** Opening Input material block **

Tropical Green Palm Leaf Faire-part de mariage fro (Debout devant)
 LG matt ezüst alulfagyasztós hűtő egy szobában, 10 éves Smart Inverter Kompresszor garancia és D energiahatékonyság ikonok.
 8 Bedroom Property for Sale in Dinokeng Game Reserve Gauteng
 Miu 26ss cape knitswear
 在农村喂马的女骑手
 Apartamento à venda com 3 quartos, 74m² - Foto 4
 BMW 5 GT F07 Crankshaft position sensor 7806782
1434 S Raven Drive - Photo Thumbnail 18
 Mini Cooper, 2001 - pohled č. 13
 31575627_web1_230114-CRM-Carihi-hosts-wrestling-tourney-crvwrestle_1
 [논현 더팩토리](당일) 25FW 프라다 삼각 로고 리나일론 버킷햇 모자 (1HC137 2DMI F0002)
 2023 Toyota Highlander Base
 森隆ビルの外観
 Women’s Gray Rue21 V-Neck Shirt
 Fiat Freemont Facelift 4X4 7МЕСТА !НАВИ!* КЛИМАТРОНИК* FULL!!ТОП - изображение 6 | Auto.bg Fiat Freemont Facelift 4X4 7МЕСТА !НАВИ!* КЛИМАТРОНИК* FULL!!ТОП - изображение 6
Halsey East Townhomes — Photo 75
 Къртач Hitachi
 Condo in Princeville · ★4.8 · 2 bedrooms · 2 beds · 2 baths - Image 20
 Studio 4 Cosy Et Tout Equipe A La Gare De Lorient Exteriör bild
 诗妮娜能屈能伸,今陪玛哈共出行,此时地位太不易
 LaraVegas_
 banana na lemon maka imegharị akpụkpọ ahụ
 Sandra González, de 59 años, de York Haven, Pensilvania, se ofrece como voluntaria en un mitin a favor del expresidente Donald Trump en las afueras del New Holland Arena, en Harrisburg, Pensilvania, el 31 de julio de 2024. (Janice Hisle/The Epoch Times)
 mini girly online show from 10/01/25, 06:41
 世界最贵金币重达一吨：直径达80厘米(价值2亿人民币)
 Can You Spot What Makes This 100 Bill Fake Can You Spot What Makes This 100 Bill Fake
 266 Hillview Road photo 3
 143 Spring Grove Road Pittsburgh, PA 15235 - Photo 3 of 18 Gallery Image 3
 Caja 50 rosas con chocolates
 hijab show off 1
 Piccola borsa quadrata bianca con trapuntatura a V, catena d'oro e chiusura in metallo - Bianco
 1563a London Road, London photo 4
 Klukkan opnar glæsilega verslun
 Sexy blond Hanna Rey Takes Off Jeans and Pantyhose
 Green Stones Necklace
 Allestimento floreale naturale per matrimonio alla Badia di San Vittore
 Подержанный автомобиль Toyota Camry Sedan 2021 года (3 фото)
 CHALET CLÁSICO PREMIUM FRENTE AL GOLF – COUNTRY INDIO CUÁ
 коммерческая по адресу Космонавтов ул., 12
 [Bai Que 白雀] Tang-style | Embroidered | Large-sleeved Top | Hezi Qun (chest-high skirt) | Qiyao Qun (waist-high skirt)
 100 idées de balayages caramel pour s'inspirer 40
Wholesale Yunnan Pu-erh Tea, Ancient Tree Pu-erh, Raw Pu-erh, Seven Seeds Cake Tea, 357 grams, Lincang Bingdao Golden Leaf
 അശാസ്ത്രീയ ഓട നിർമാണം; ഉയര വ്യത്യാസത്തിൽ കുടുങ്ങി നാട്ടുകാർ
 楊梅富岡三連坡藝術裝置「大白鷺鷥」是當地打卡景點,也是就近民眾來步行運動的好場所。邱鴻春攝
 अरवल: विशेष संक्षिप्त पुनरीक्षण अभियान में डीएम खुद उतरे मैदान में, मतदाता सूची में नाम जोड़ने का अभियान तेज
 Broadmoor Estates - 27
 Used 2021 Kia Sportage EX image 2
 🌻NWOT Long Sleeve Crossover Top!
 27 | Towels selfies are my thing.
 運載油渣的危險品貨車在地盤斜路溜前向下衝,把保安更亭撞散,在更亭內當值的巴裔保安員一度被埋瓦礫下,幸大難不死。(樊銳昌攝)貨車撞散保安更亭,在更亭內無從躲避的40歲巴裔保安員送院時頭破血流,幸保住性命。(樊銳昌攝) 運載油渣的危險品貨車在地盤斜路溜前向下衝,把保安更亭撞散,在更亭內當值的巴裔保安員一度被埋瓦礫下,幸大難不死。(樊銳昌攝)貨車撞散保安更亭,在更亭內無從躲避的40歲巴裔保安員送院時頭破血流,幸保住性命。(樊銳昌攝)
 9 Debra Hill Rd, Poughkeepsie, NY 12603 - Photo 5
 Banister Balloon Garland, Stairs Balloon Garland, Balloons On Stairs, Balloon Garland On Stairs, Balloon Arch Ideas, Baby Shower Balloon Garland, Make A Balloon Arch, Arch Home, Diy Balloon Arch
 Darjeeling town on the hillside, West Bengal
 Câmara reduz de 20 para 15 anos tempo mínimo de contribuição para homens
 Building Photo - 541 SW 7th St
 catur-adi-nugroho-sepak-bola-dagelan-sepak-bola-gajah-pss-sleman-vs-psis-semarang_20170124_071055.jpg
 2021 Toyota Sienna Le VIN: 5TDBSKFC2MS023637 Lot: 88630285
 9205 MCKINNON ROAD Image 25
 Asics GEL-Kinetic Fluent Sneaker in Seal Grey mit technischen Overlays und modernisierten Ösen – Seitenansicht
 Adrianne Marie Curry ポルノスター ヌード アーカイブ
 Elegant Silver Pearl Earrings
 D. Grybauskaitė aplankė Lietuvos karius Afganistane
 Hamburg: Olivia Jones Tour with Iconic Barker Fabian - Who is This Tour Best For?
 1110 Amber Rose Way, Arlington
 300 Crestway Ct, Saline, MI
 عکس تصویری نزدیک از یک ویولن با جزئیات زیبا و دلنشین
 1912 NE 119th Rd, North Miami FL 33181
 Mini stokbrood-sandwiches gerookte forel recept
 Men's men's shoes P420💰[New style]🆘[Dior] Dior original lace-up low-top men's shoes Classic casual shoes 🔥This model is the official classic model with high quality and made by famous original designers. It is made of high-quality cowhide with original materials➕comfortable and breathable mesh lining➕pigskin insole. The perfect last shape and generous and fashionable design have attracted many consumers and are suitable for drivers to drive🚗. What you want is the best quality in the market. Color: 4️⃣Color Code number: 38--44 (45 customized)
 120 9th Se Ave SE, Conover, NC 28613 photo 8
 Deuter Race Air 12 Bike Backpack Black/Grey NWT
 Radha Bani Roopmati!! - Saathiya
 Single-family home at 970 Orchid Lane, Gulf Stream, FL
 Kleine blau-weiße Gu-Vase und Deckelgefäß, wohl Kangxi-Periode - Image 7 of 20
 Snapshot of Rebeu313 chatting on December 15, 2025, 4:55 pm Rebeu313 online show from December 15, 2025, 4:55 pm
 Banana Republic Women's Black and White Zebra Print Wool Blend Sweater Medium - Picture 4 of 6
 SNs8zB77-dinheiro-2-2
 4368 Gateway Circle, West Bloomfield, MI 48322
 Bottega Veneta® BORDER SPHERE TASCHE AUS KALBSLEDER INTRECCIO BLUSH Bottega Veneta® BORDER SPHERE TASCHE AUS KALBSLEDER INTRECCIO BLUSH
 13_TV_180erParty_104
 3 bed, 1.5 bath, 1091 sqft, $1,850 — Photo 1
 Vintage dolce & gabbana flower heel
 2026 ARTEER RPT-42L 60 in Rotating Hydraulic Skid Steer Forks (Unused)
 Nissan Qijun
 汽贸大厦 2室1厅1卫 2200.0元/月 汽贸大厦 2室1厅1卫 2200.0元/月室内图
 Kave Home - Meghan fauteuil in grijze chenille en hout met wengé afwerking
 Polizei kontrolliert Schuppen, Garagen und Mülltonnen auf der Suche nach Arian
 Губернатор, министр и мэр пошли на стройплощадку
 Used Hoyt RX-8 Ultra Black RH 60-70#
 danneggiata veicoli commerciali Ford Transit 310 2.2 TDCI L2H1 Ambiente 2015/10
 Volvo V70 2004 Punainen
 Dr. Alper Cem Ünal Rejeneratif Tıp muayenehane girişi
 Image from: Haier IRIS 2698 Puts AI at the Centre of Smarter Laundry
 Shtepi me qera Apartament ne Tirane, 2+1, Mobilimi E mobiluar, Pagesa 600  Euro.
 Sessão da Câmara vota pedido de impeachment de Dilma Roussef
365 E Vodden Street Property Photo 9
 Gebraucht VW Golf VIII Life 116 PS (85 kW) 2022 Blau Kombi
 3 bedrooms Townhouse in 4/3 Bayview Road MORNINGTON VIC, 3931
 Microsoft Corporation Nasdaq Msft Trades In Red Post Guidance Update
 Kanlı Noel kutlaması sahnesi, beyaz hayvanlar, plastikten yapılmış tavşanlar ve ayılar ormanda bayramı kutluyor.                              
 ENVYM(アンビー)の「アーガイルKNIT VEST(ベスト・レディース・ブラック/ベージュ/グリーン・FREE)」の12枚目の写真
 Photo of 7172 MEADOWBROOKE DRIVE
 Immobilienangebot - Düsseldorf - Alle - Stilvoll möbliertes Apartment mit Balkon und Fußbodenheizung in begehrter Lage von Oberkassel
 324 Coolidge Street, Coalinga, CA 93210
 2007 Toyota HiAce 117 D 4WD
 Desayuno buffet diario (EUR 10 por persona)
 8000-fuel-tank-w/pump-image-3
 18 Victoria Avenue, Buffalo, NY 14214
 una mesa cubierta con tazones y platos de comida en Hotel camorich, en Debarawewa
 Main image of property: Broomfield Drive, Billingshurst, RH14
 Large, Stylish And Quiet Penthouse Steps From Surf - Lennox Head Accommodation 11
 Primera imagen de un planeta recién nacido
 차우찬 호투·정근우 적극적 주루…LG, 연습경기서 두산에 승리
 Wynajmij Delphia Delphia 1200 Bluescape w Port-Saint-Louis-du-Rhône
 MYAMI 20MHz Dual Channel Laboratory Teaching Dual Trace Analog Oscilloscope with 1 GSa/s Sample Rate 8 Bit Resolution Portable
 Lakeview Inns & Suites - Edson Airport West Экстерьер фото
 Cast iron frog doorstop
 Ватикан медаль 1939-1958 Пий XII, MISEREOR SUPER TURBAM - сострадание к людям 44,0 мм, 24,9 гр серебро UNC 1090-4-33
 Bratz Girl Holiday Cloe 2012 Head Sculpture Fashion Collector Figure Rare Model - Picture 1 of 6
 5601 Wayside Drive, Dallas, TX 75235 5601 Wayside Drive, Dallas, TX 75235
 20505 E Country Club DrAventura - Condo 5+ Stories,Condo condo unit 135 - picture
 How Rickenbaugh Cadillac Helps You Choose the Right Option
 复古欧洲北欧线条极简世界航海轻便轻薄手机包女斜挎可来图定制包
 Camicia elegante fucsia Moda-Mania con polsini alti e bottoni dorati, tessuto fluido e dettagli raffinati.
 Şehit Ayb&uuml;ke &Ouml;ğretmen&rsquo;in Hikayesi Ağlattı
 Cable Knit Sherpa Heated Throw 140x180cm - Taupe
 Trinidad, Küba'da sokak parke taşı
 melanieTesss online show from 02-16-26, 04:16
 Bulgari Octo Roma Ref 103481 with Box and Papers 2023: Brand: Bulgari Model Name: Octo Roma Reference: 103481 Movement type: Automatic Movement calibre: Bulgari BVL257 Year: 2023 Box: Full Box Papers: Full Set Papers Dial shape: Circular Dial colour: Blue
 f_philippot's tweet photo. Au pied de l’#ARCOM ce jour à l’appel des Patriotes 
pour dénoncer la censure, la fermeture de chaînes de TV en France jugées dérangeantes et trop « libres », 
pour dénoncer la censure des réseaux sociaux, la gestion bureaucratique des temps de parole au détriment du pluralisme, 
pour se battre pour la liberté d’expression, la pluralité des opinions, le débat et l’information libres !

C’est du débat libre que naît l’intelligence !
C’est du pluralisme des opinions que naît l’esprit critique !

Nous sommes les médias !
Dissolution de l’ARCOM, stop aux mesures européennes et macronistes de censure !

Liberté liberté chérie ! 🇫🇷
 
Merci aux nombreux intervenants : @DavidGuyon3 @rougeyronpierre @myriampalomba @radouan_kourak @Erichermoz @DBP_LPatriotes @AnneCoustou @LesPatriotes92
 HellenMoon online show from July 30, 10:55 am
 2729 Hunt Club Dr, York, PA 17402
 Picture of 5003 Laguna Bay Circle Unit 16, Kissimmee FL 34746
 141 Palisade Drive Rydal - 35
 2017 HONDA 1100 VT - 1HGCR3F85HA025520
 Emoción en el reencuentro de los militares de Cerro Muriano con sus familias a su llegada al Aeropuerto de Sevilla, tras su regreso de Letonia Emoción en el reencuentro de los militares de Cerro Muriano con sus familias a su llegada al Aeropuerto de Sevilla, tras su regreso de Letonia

** Closing Input material block **

- [Exercise requirements] Look above for the line with "Miu 26ss cape knitswear" and the line with "Klukkan opnar glæsilega verslun". Retype those two lines and every line between them exactly, adding nothing.

- [Task answer]
 Miu 26ss cape knitswear
 在农村喂马的女骑手
 Apartamento à venda com 3 quartos, 74m² - Foto 4
 BMW 5 GT F07 Crankshaft position sensor 7806782
1434 S Raven Drive - Photo Thumbnail 18
 Mini Cooper, 2001 - pohled č. 13
 31575627_web1_230114-CRM-Carihi-hosts-wrestling-tourney-crvwrestle_1
 [논현 더팩토리](당일) 25FW 프라다 삼각 로고 리나일론 버킷햇 모자 (1HC137 2DMI F0002)
 2023 Toyota Highlander Base
 森隆ビルの外観
 Women’s Gray Rue21 V-Neck Shirt
 Fiat Freemont Facelift 4X4 7МЕСТА !НАВИ!* КЛИМАТРОНИК* FULL!!ТОП - изображение 6 | Auto.bg Fiat Freemont Facelift 4X4 7МЕСТА !НАВИ!* КЛИМАТРОНИК* FULL!!ТОП - изображение 6
Halsey East Townhomes — Photo 75
 Къртач Hitachi
 Condo in Princeville · ★4.8 · 2 bedrooms · 2 beds · 2 baths - Image 20
 Studio 4 Cosy Et Tout Equipe A La Gare De Lorient Exteriör bild
 诗妮娜能屈能伸,今陪玛哈共出行,此时地位太不易
 LaraVegas_
 banana na lemon maka imegharị akpụkpọ ahụ
 Sandra González, de 59 años, de York Haven, Pensilvania, se ofrece como voluntaria en un mitin a favor del expresidente Donald Trump en las afueras del New Holland Arena, en Harrisburg, Pensilvania, el 31 de julio de 2024. (Janice Hisle/The Epoch Times)
 mini girly online show from 10/01/25, 06:41
 世界最贵金币重达一吨：直径达80厘米(价值2亿人民币)
 Can You Spot What Makes This 100 Bill Fake Can You Spot What Makes This 100 Bill Fake
 266 Hillview Road photo 3
 143 Spring Grove Road Pittsburgh, PA 15235 - Photo 3 of 18 Gallery Image 3
 Caja 50 rosas con chocolates
 hijab show off 1
 Piccola borsa quadrata bianca con trapuntatura a V, catena d'oro e chiusura in metallo - Bianco
 1563a London Road, London photo 4
 Klukkan opnar glæsilega verslun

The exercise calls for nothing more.